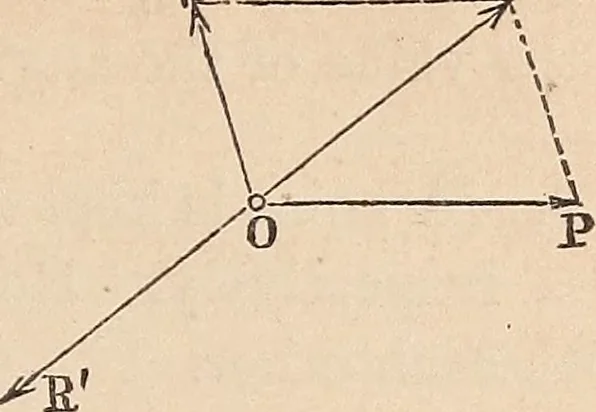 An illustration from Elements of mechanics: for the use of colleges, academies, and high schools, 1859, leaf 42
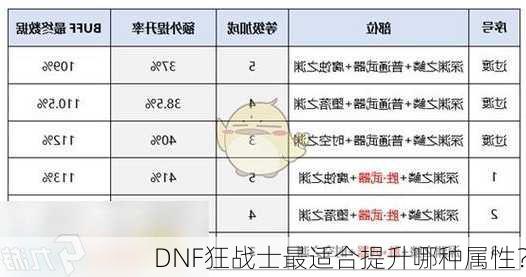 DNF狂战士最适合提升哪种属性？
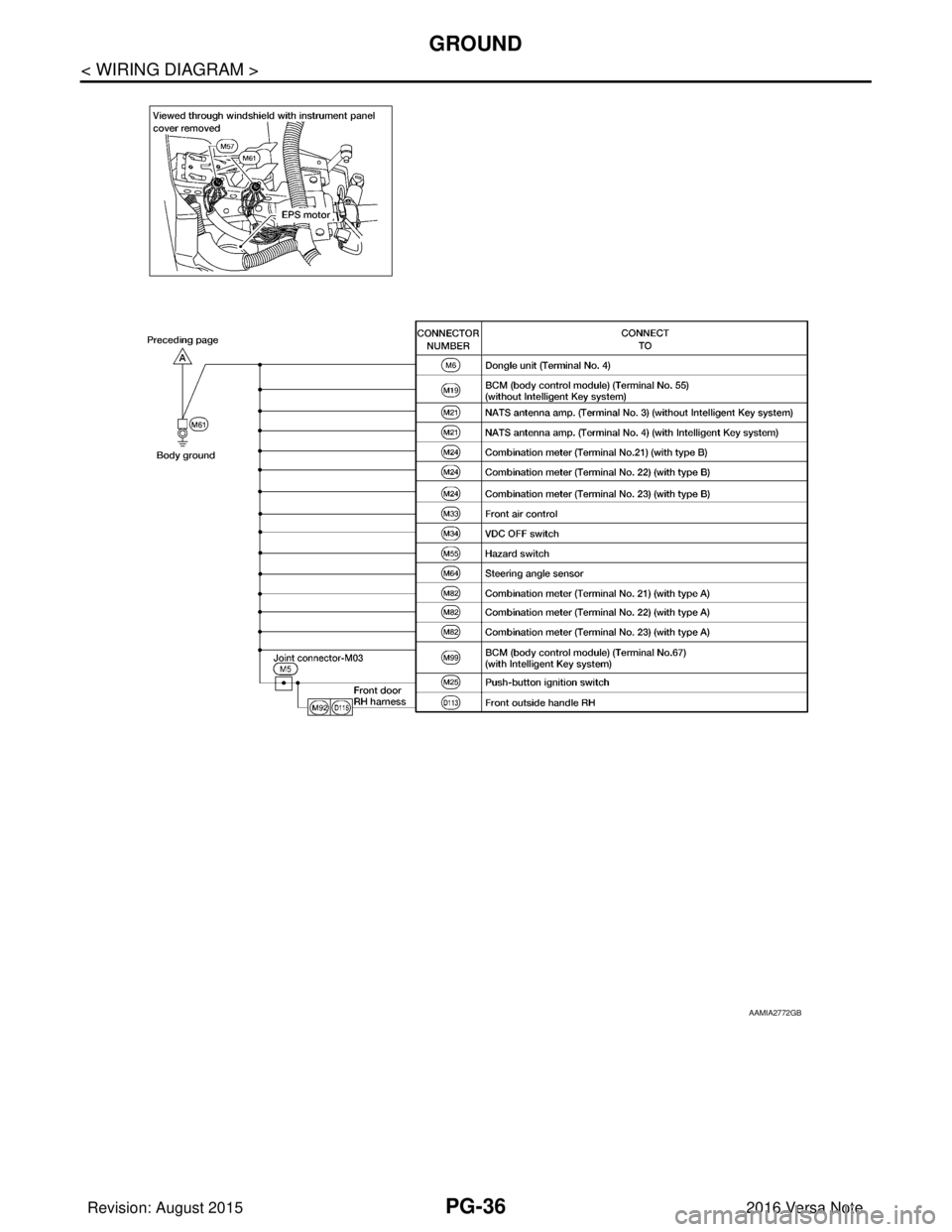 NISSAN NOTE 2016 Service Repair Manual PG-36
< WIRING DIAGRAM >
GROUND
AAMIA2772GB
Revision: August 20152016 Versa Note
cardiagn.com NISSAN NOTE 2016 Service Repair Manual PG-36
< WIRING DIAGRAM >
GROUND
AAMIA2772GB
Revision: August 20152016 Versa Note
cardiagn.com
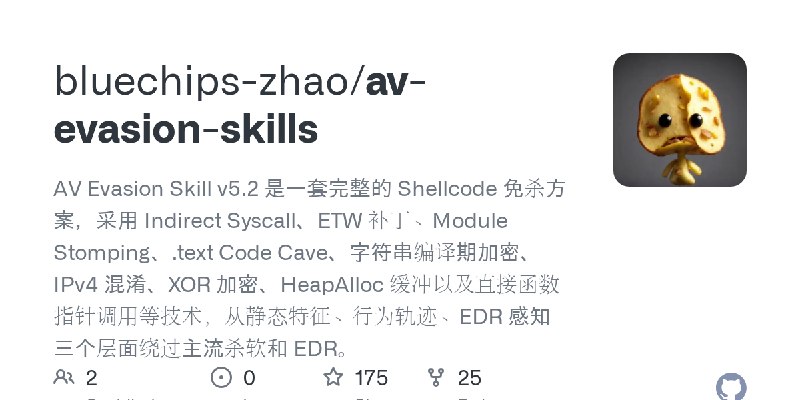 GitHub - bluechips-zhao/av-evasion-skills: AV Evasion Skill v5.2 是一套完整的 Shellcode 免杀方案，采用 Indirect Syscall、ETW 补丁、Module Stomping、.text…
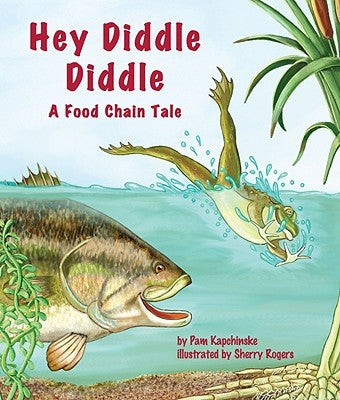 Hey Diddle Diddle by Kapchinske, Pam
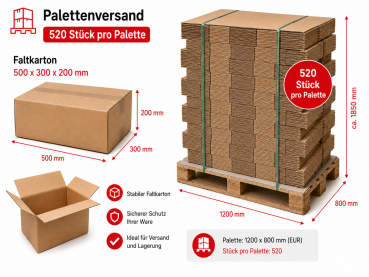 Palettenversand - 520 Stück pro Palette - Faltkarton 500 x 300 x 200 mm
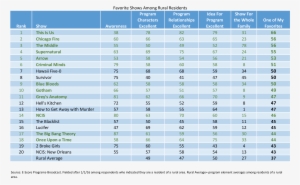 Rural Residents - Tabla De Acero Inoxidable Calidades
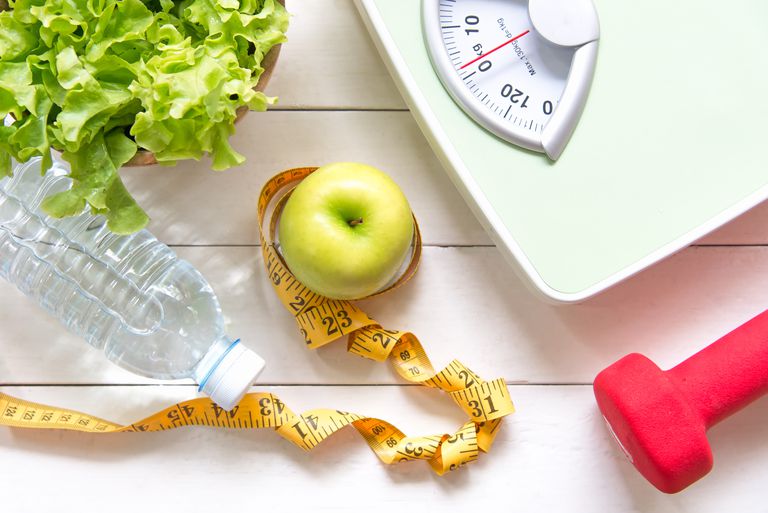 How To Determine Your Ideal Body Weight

--

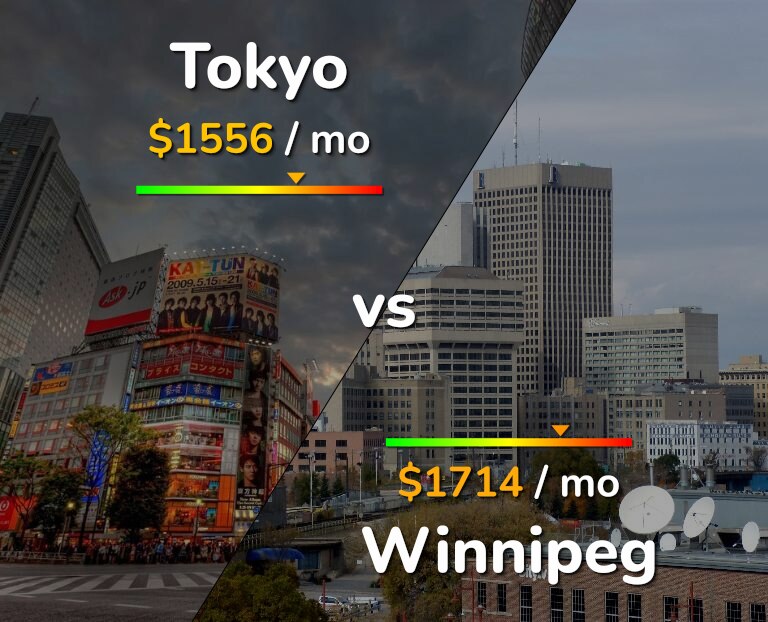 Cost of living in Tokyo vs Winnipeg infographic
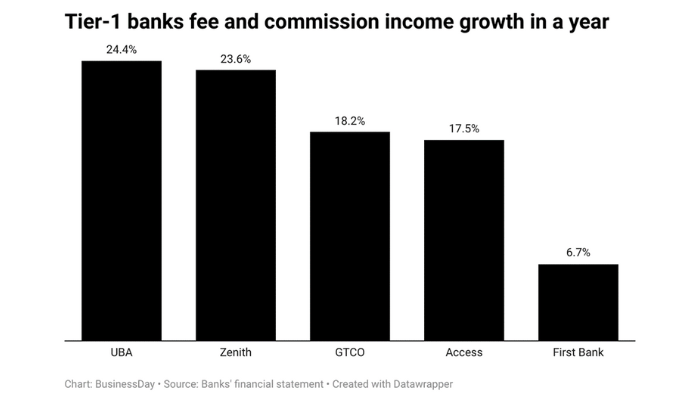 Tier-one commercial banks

◆ PROMPT
When you reach the line with "cardiagn.com NISSAN NOTE" in the records above, begin repeating the lines exactly, and stop after the line with "How To Determine Your Ideal Body Weight". Skip all pictures.

◆ RESPONSE TO THE EXERCISE
cardiagn.com NISSAN NOTE 2016 Service Repair Manual PG-36
< WIRING DIAGRAM >
GROUND
AAMIA2772GB
Revision: August 20152016 Versa Note
cardiagn.com
 GitHub - bluechips-zhao/av-evasion-skills: AV Evasion Skill v5.2 是一套完整的 Shellcode 免杀方案，采用 Indirect Syscall、ETW 补丁、Module Stomping、.text…
 Hey Diddle Diddle by Kapchinske, Pam
 Palettenversand - 520 Stück pro Palette - Faltkarton 500 x 300 x 200 mm
 Rural Residents - Tabla De Acero Inoxidable Calidades
 How To Determine Your Ideal Body Weight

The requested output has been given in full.